La perspective d'un gouvernement socialiste appuyé par des alliés anti-austérité avait suscité des inquiétudes en Europe, un an et demi après la sortie du Portugal de son plan de sauvetage international.
- 'Machin bringuebalant' -
"Ce mariage contre nature qui a uni des partis pro et anti-européens semblait voué à l'échec. Finalement, la relation s'avère stable car les alliés du PS ont dû se résigner à accepter les règles européennes", estime le politologue José Antonio Passos Palmeira.
Pourtant, "personne n'a avalé de couleuvres", affirme le Premier ministre Antonio Costa: "Le PCP n'a pas dû adhérer à l'euro ou le Bloc de gauche se convertir au traité budgétaire. Et le PS est resté le chantre de l'intégration européenne".

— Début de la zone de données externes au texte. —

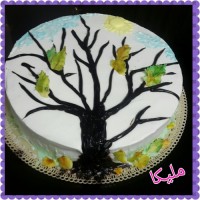 کیک با تم پاییزی با روکش خامه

Fin négociateur, l'ancien maire de Lisbonne a résolu la quadrature du cercle: il a réussi à rassurer la Commission européenne sur son engagement à juguler les déficits, sans pour autant s'aliéner ses alliés de la gauche radicale.
Pour lui, il n'y a pas de doute: le Portugal va mieux depuis que la "geringonça" est aux manettes, ce "machin bringuebalant", le surnom donné par la droite à l'alliance au pouvoir. "Le pays respire la tranquillité", relève-t-il.

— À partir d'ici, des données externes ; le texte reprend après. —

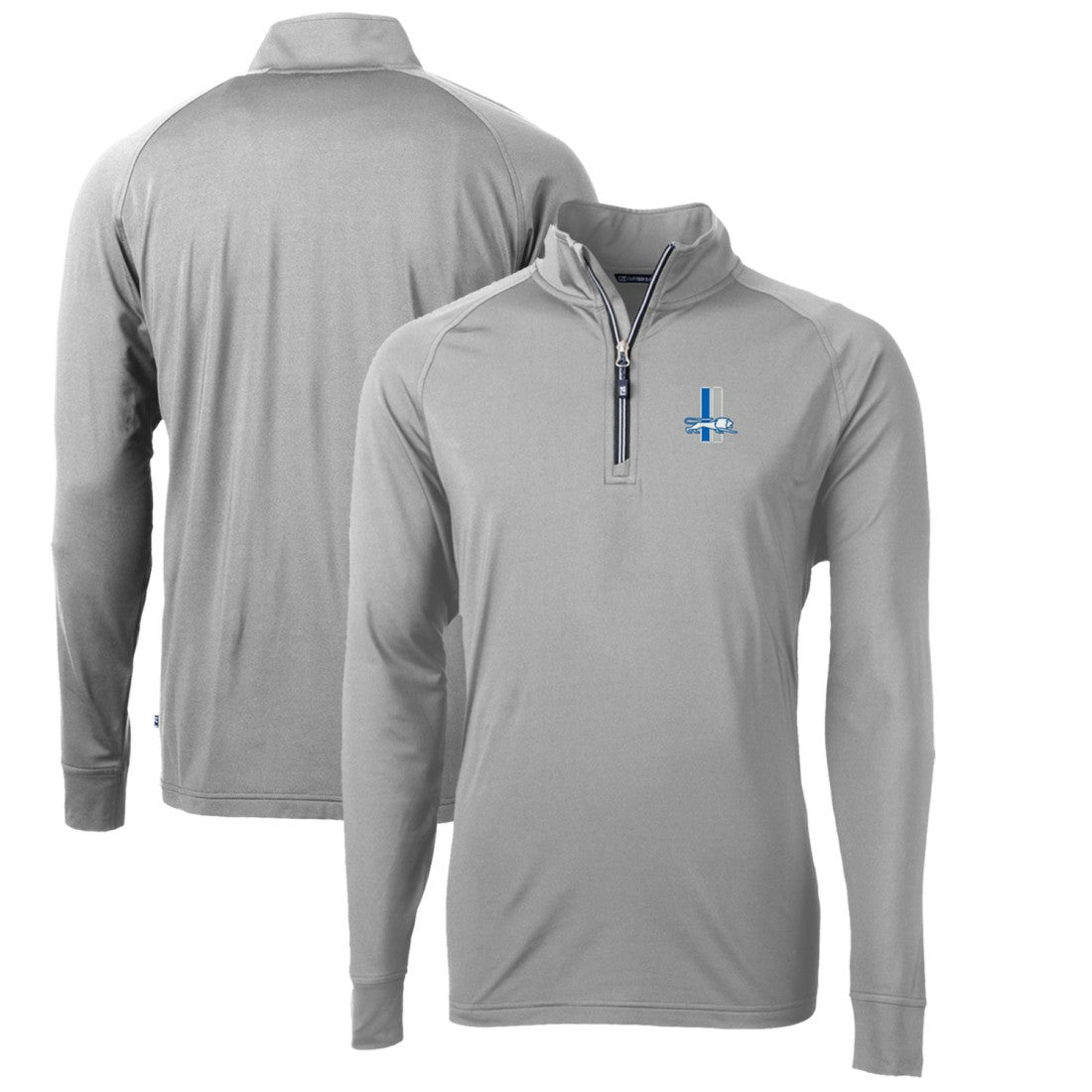 Detroit Lions Cutter & Buck Adapt Eco Knit Stretch Recycled Quarter-Zip Throwback Pullover Top Gray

Sanctions européennes évitées, déficit au plus bas depuis plus de 40 ans (2,4% du PIB), chômage à 10,5%, croissance retrouvée au troisième trimestre (0,8%): le bilan semble flatteur, mais la dette continue à enfler, les taux d'emprunt grimpent, les banques restent fragiles et les investisseurs réticents.
"Personne ne veut investir quand on sait que c'est le Bloc de gauche et le PCP qui font la loi au sein du gouvernement", assure l'ancien Premier ministre de centre droit Pedro Passos Coelho.
- Sondages favorables -
Et les Portugais tardent à ressentir les effets de cette embellie encore fragile.

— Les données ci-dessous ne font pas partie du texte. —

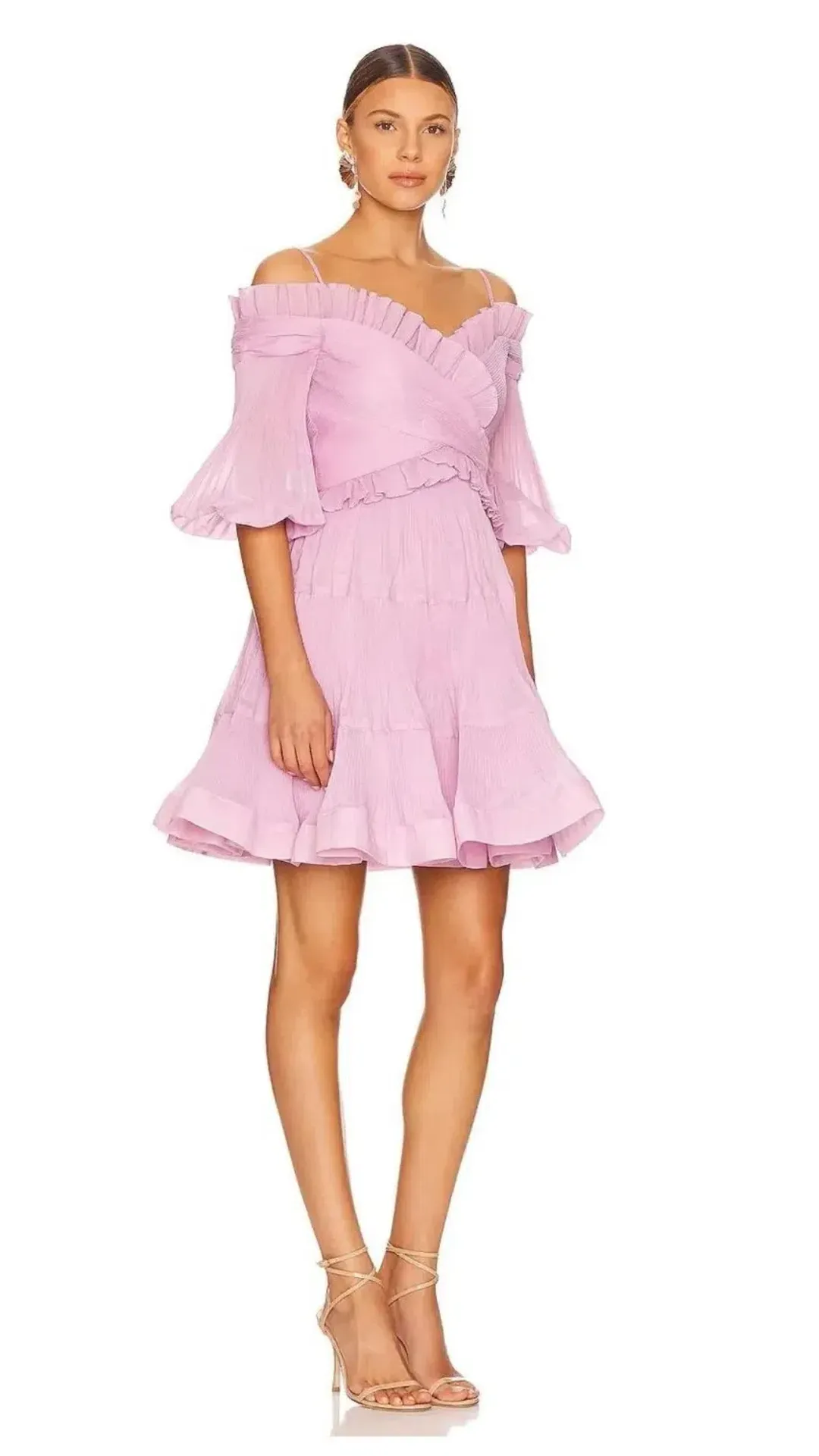Zimmermann Pleated Off the Shoulder Mini Dress Lilac s.1 /10 for rent on The Volte - main image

"Le gouvernement prend des mesures populistes qui ne règlent pas les problèmes, ma vie au quotidien ne s'est pas améliorée. L'austérité est toujours présente", témoigne Paulo Tomé, un cadre administratif de 37 ans.
"La situation du pays est meilleure, mais la mienne n'a pas changé. Certains impôts baissent, d'autres augmentent. Ce sont des taxes plus indolores qui affectent les plus riches et épargnent les plus pauvres", explique Paulo David, 42 ans, chauffeur privé.
Si le gouvernement a tenu ses promesses électorales en supprimant les surtaxes pesant sur les revenus, il a aussi instauré une série de hausses d'impôts indirects (alcool, tabac, automobile).

L'ex-Premier ministre portugais Pedro Passos Coelho, ici à Bruxelles le 18 février 2016, dont le nom reste associé à quatre années d'austérité budgétaire / © AFP/Archives
Au plus haut dans les sondages, avec 37% à 45% des intentions de vote, le PS a dépassé de loin le PSD dirigé par M. Passos Coelho (30%), peu populaire car son nom reste étroitement associé à quatre années d'austérité budgétaire.
Pour le politologue Antonio Costa Pinto, l'expérience de la gauche plurielle au Portugal a "contribué à éviter le déclin du PS, contrairement à ce qui s'est produit ailleurs en Europe".
Mais, prévient-il, "à la moindre crise internationale, le Portugal retrouvera l'austérité et un gouvernement de droite", comme ce fut le cas en 2011.